3. A lighting system protection circuit as in claim 1,

wherein the device has a first transistor circuit having an input for connection to an output of the voltage threshold detector,

the first transistor circuit having an output for connection to the input of a second transistor circuit, and

the second transistor circuit having an output that is adapted for series connection with power feed to a lighting system.

4. A lighting system protection circuit as in claim 3, wherein

the first transistor circuit has a collector connected to a first polarity of the rectifier output through at least one resistor,

the first transistor circuit has a base connected to the collector through at least one capacitor, and;

the first transistor circuit has an emitter connected to a second polarity of the rectifier output.

5. A lighting system protection circuit as in claim 3, wherein

the second transistor circuit has a gate connected to a source through a second Zener diode,

the source of the second transistor circuit is connected to an output of the rectifier, and;

the second transistor circuit has a drain for connection in series with the protected lighting system.

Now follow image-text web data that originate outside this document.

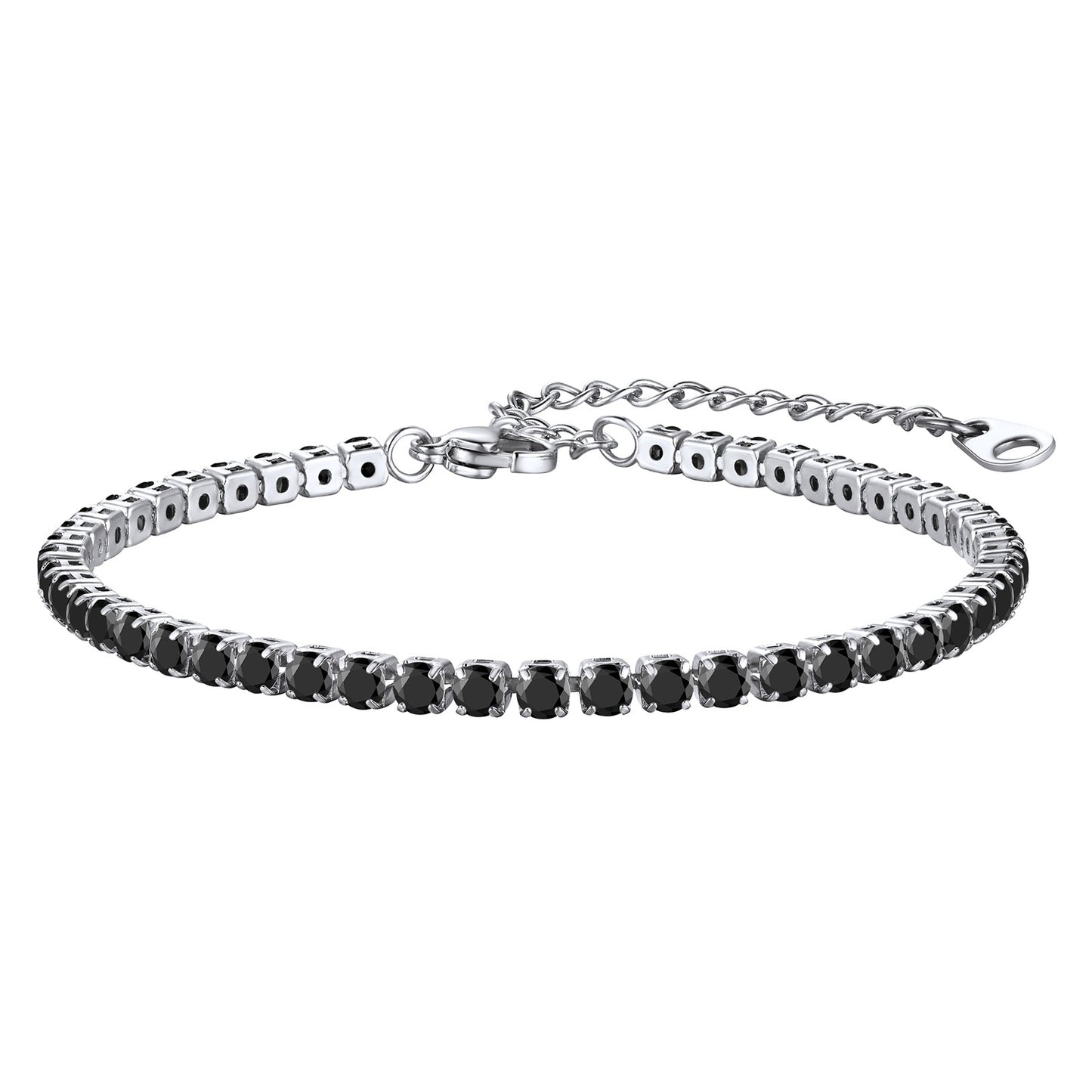 Black Cubic Zirconia Tennis Bracelet Stainless Steel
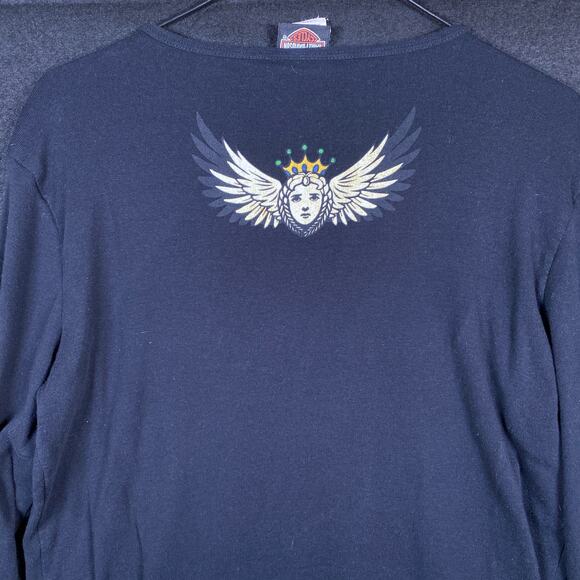 Harley Davidson Womens Shirt Black Motor Queens Milwaukee Long Sleeve Large - Picture 14 of 15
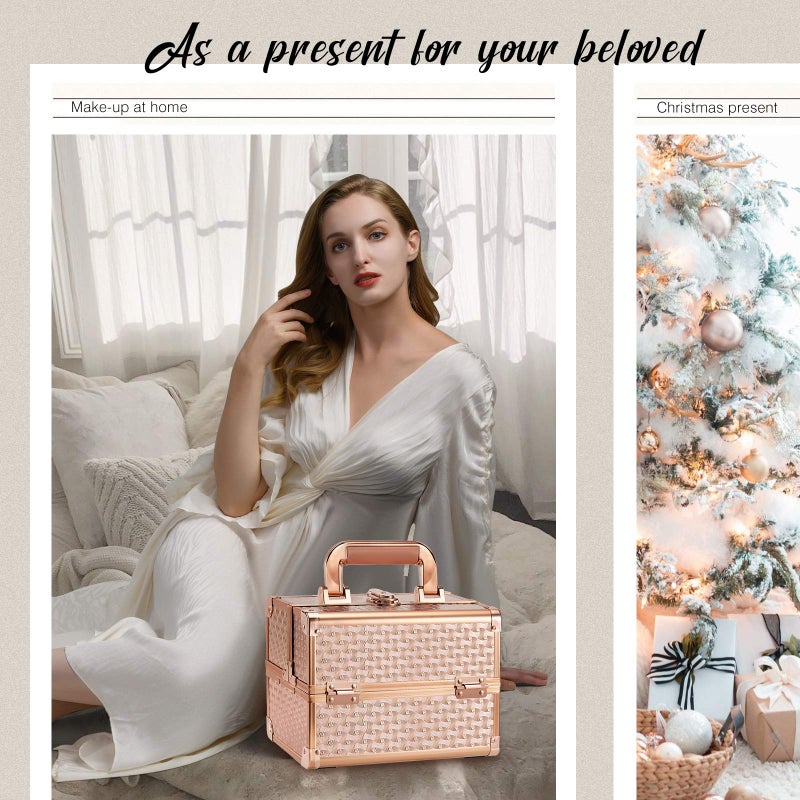 Joligrace حقيبة مكياج جوليغرايس للسيدات - صندوق تجميل محمول منظم للمجوهرات قابل للقفل مع مفاتيح ومرآة - درجين مع مقبض لحمل صندوق تخزين المكياج - وردي ذهبي - Image 2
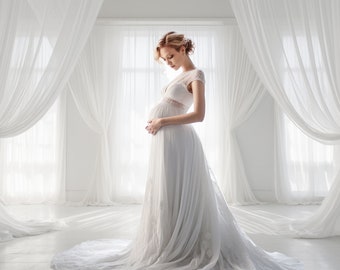 Backlit Window Digital Backdrop White Room Photoshop Overlays Portrait Photo Texture Maternity Pregnant Photography White Curtain Background
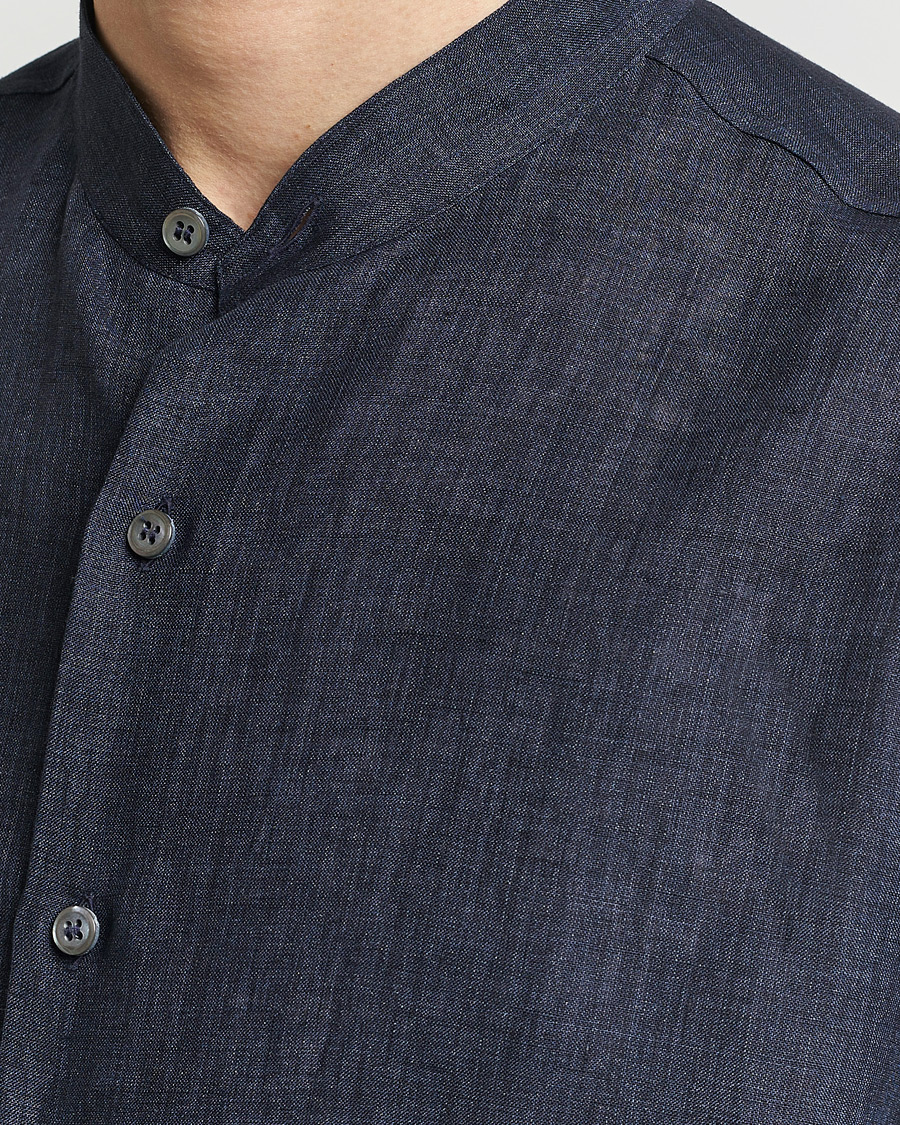 Mies | Kauluspaidat | Brioni | Linen Guru Collar Shirt Navy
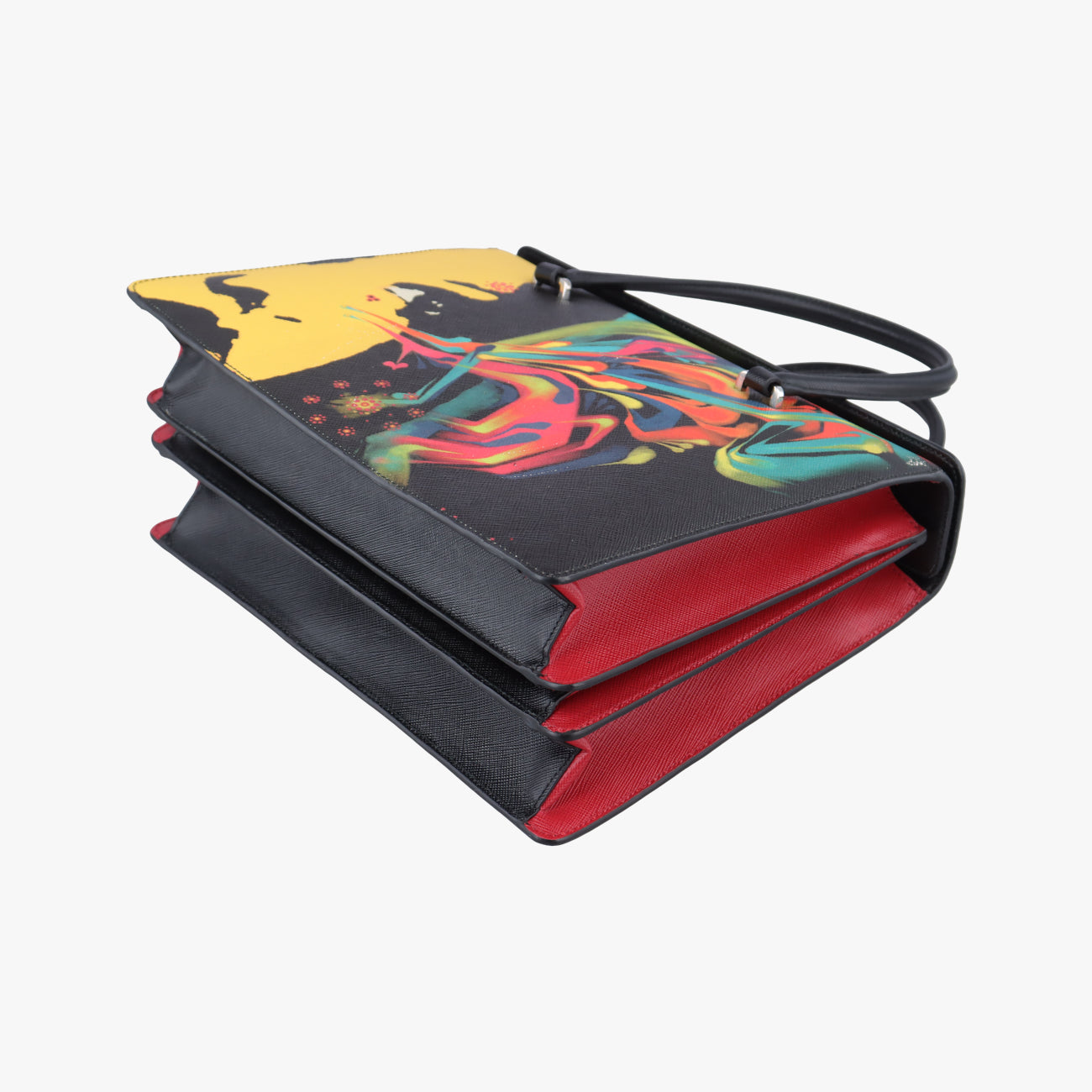 Lux Face Art TwinBlack×MulticolourSaffiano Leather B2710K231ラックスフェイスアートツインブラック×マルチカラーサフィアーノレザー B2710K231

6. A lighting system protection circuit with terminals adapted to receive a rectified AC input voltage, comprising:

a first terminal connected to a Zener diode in series with a voltage divider connected to a second terminal, the divider having an output,

a first transistor circuit having an input with connection to the divider output, further having an output that changes with respect to input voltage,

a second transistor circuit responsive to the first transistor circuit, further having a pathway between a third and fourth terminal through which current may pass,

wherein the second transistor circuit substantially reduces current through the pathway between the third and fourth node above a threshold voltage applied to the input of the first transistor circuit.

7. A lighting system protection circuit as in claim 7

wherein the first transistor circuit reduces output voltage as input voltage increases.